That's true, Hayao Miyazaki is an INFJ himself. When he's not adapting other books into animated films, his personality and ideals really show in his characters. There's some unwritten rule about good authorship that says you should reflect the world and not yourself in art. He does both, I suppose. My favorite Miyazaki films are _Princess Mononoke_ and _Nausicaa: Valley of the Wind _because I can identify with the characters and messages the most of his other animations. Lot's of NFs running around trying to restore harmony, uniting the fragmented animal-man dynamic, and trying to live boldly and confidently in a world that doesn't take them seriously. 

Mononoke-_hime_ might be an ISFP (?) Though I'm not completely sure: she's commanding, demands respect from all the other animal spirits, is very protective, and seeks comfort from the wolves. She's emotional and hurt deeply, but naive about her feelings and needs action to justify them, all the while growing more confused about who's the real antagonist. Ironically, she was the human guardian of the forest, the xenophobe that mistrusted everyone equally. It took a cursed, outcast prince to cure _her_ curse. You tell me: she's layered and contradictory. I have trouble understanding ISFPs, they are the obverse my of my type.


----------



## Tad Cooper

Enki said:


> That's true, Hayao Miyazaki is an INFJ himself. When he's not adapting other books into animated films, his personality and ideals really show in his characters. There's some unwritten rule about good authorship that says you should reflect the world and not yourself in art. He does both, I suppose. My favorite Miyazaki films are _Princess Mononoke_ and _Nausicaa: Valley of the Wind _because I can identify with the characters and messages the most of his other animations. Lot's of NFs running around trying to restore harmony, uniting the fragmented animal-man dynamic, and trying to live boldly and confidently in a world that doesn't take them seriously.
> 
> Mononoke-_hime_ might be an ISFP (?) Though I'm not completely sure: she's commanding, demands respect from all the other animal spirits, is very protective, and seeks comfort from the wolves. She's emotional and hurt deeply, but naive about her feelings and needs action to justify them, all the while growing more confused about who's the real antagonist. Ironically, she was the human guardian of the forest, the xenophobe that mistrusted everyone equally. It took a cursed, outcast prince to cure _her_ curse. You tell me: she's layered and contradictory. I have trouble understanding ISFPs, they are the obverse my of my type.
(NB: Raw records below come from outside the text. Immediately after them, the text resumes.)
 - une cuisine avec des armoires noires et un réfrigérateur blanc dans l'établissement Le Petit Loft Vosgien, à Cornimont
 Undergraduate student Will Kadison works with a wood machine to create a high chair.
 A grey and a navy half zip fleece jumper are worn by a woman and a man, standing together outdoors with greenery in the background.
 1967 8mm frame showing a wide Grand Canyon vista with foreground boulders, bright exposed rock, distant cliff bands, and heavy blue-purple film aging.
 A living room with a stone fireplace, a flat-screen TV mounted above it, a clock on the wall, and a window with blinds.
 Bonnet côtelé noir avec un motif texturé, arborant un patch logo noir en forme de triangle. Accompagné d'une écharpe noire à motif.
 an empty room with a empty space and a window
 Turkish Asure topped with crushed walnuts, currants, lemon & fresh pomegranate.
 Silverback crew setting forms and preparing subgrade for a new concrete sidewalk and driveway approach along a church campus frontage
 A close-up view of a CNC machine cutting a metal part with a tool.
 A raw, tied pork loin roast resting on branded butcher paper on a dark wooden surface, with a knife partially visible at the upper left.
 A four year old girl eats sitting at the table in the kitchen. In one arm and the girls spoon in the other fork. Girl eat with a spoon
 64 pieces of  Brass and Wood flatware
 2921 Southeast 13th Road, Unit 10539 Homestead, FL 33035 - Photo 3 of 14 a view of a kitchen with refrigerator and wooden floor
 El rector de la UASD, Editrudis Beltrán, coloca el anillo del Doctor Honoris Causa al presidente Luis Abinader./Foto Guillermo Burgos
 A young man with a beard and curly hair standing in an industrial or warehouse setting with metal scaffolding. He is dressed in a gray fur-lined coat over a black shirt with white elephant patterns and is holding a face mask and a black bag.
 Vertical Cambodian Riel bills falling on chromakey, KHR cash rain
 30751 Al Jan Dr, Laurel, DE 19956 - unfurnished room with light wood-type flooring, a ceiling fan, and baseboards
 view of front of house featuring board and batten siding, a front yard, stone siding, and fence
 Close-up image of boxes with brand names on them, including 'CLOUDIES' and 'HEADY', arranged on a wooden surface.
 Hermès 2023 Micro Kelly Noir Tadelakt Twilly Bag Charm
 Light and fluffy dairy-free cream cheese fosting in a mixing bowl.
Yeah, I find Haruki Murakami (Japanese author) does the same with his characters (there are only a few of his books with a very different protagonist). They're all quite INFx in how they think and act, and it's thought he's an INFJ. 
I really enjoyed both those films and felt I could relate to the characters too XD Good character writing I think!
I thought Se dominant, but I can see the Fi dominant too, so it'd be a toss up I think.


----------



## Jewl

I think Chihiro seems ENFP. I was going to say ESFP, but then I realized she seemed to be intuitive about peoples' characters. She seemed to go on hunches. 
Sophie from Howl's Moving Castle seemed ISTJ, which I know sounds odd... But I think I saw Si+Te there. 
Ashitaka did seem to have Fe. ENFJ or INFJ. INFJ probably.  
San seemed ISxP. 

I'll have to think of the others later. ^_^


----------



## Enkidu

tine said:


> Yeah, I find Haruki Murakami (Japanese author) does the same with his characters (there are only a few of his books with a very different protagonist). They're all quite INFx in how they think and act, and it's thought he's an INFJ.
> I really enjoyed both those films and felt I could relate to the characters too XD Good character writing I think!
> I thought Se dominant, but I can see the Fi dominant too, so it'd be a toss up I think.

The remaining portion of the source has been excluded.